Tra le rovine di un mondo che da qui a qualche anno saluteremo, facciamo camminare allora una rinata Arte. Non temiamo più di trasfigurare una realtà che è appunto solo ombra e bugia. Non lasciamoci più imprigionare dal dolore che ci ha tenuto stretti a queste forme di morte. L’Arte disvela un’altra e più spirituale realtà a cui siamo chiamati. L’Arte è liberazione: non insistiamo nel voler essere schiavi. Trasparente deve tornare ad essere l’occhio dell’artista, e trasparente deve essere l’occhio di chi si accosta all’opera d’arte.
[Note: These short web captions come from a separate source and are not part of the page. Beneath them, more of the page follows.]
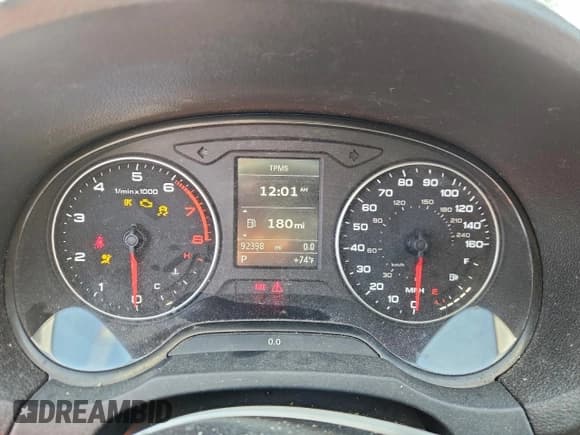 ✅ 2015 Audi A3 Premium • VIN: WAUACGFF8F1002286 • Lot: 93831885. Wystawiony na Copart z przebiegiem 92 398 mil. Bezpłatny archiwum sprzedaży aukcyjnych z USA i szczegółowy raport historii pojazdu na DreamBid. Zdjęcie 9.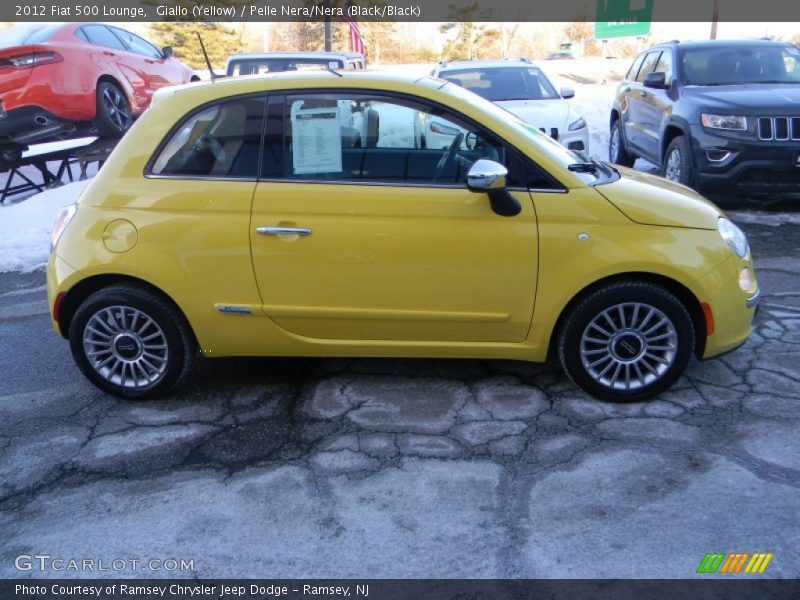 Giallo (Yellow) / Pelle Nera/Nera (Black/Black) 2012 Fiat 500 Lounge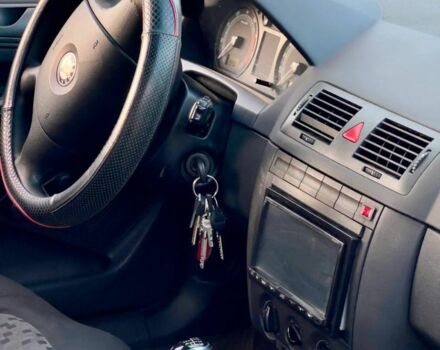 Шкода Фабия 2007 в Ахтырке на Automoto.ua Красный Шкода Фабия, объемом двигателя 1.2 л и пробегом 310 тыс. км за 2699 $, фото 13 на Automoto.ua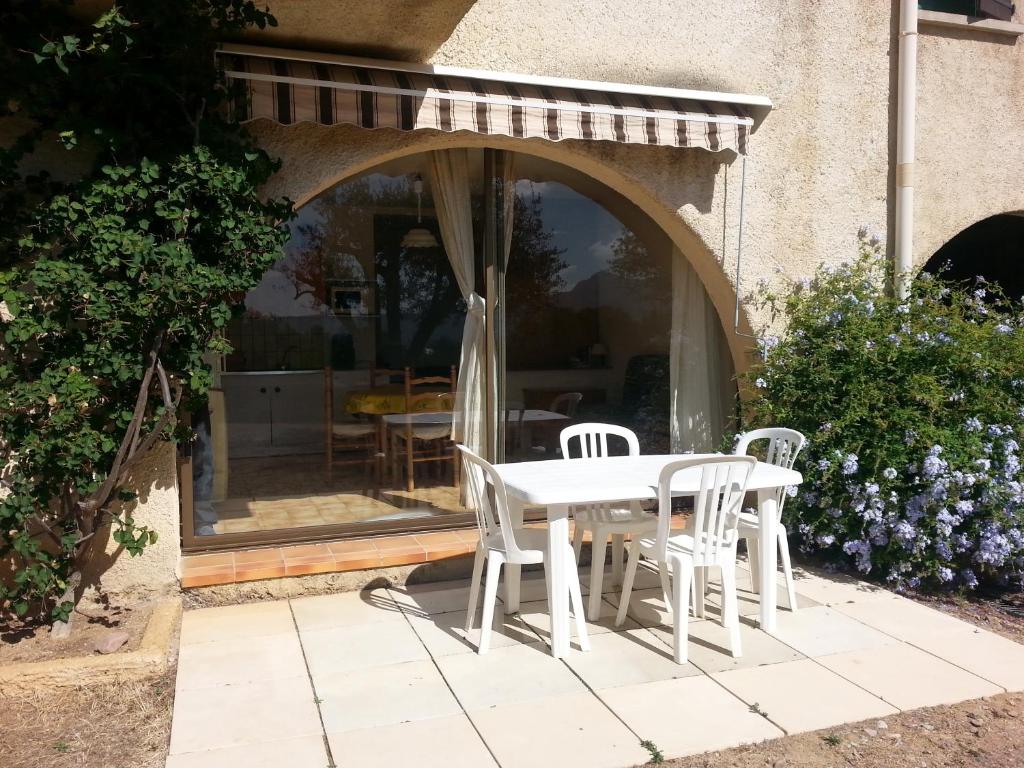卢米奥STUDIO indépendant au calme的庭院里的白色桌椅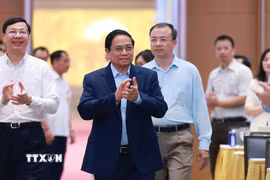 Thủ tướng Phạm Minh Chính đến Phiên họp lần thứ 3 BCĐ về phát triển khoa học, công nghệ, đổi mới sáng tạo, chuyển đổi số và Đề án 06. (Ảnh: Dương Giang/TTXVN)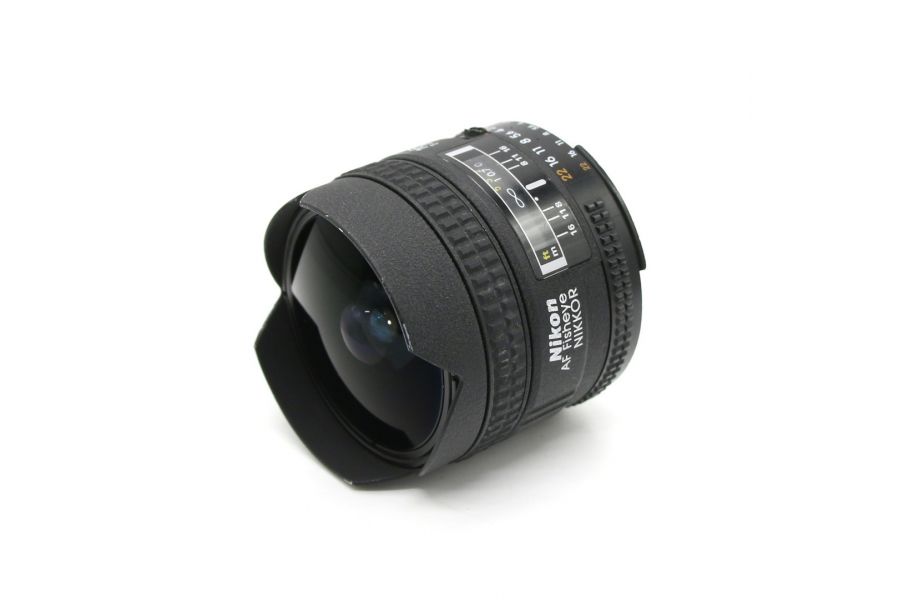 Nikon 16mm f/2.8D AF Fisheye-Nikkor (Japan)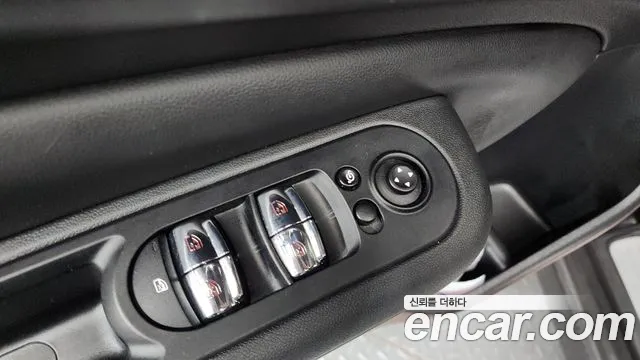 2021 Mini Cooper Clubman Standard Sold VIN WMWXJ3108M2P40351 – photo 21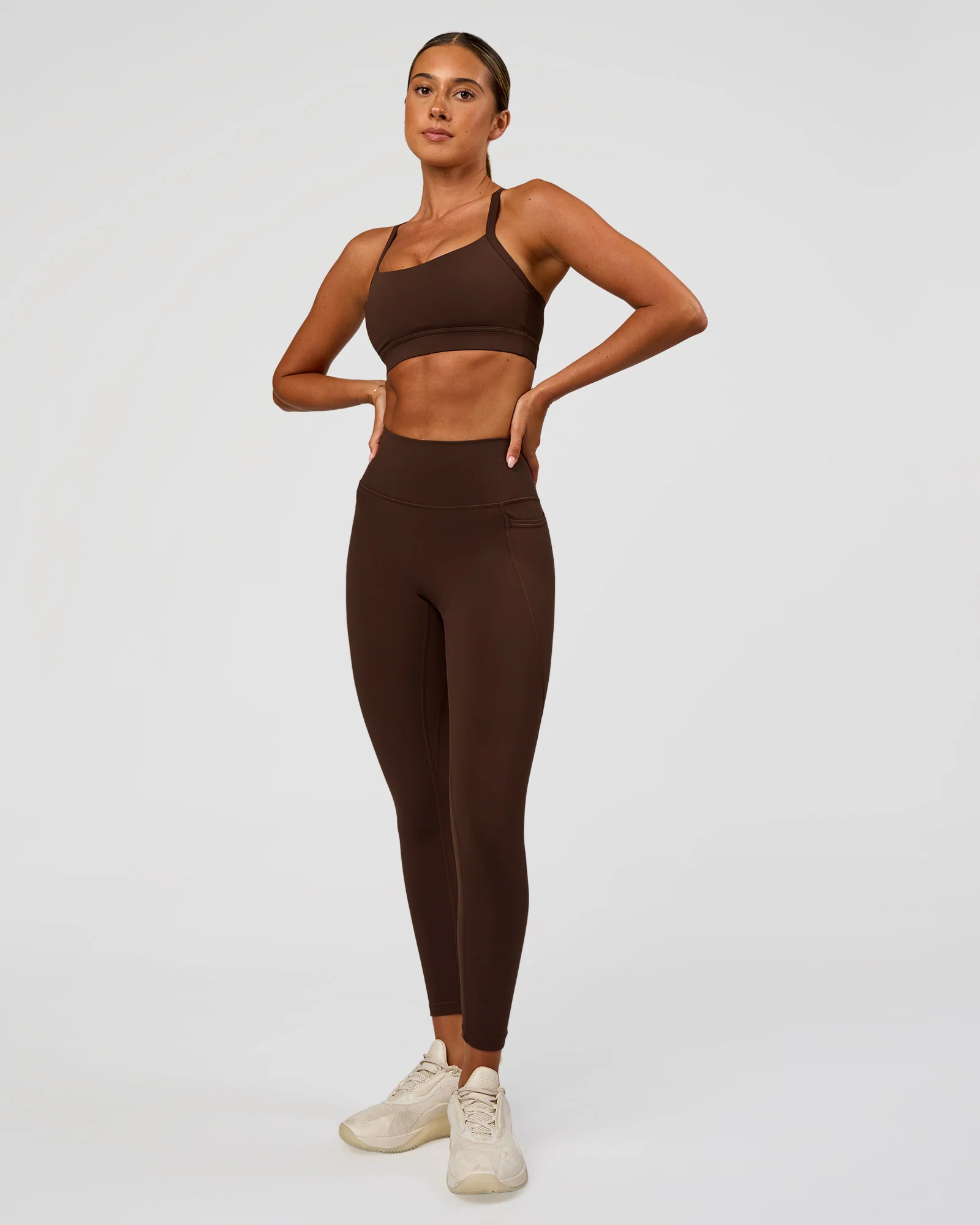 45-fusion-ultra-high-rise-7-8-legging-pockets-hot-chocolate-8.webp Fusion Ultra High-Rise 7/8 Legging Pockets - Hot Chocolate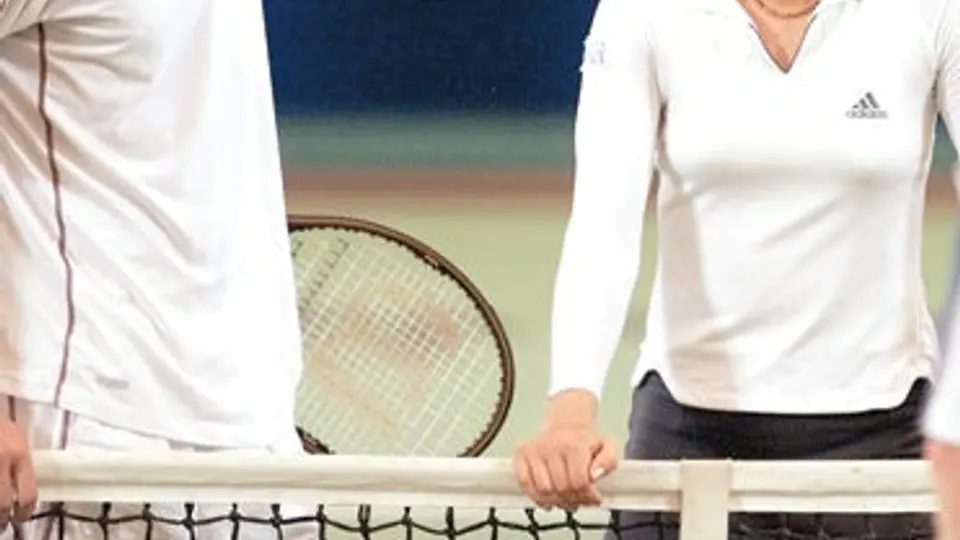 Federer buscará hacer equipo con Hingis en Londres 2012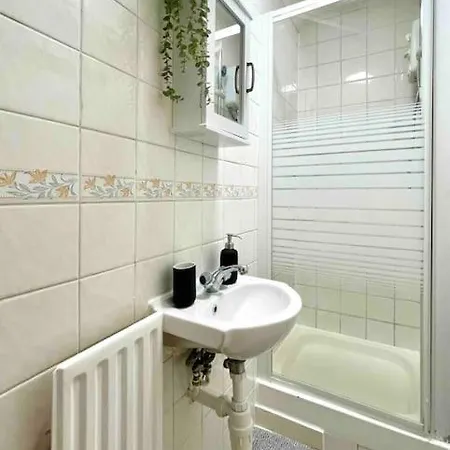 Apartment A Ground Floor Flat With Garden *
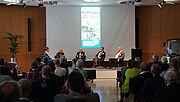 Podiumsdiskussion - Moderator der Veranstaltung: Sascha Hingst (Radio Berlin Brandenburg), Dr. Christoph Lauterwasser (Geschäftsführer Allianz Zentrum für Technik), Winfried Hermann (Verkehrsminister von Baden-Württemberg), Ulrich Chiellino (Leiter Verkehrspolitik, ADAC e.V.), Dieter Schäfer (Verein Hellwach mit 80 km/h) v.l.n.r.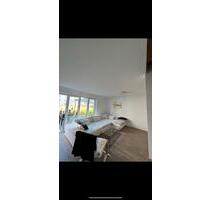 3 Zimmer Terassenwohnung - 1.615,00&nbsp;EUR Kaltmiete, ca.&nbsp; 90,60&nbsp;m&sup2; in Rüsselsheim am Main (PLZ: 65428)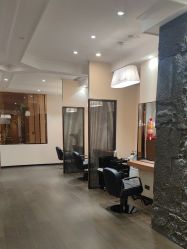 -悦Salon发型设计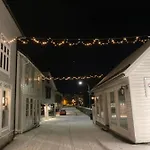 Bed & Breakfast Line Pa Hauane1 Volda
Nel fuoco purificatore che già sprizza le sue prime scintille, si cammina costruendo e vagheggiando l’edificio più bello e più giusto. Poco importa se si metteranno solo i primi mattoni. Chi ha riconosciuto l’inganno di questo Tempo, è animato dall’urgenza di edificare qualcosa di radicalmente nuovo. E sa che può farlo soltanto se accompagnato anche dalla luce dell’Arte. Da qui si riconosceranno coloro che invece continueranno a preferire le tenebre. Il Cielo può avvicinarsi sino a baciare la Terra, ma la terra non può piegare il Cielo ai suoi bisogni. Le pietre non si devono trasformare in pane.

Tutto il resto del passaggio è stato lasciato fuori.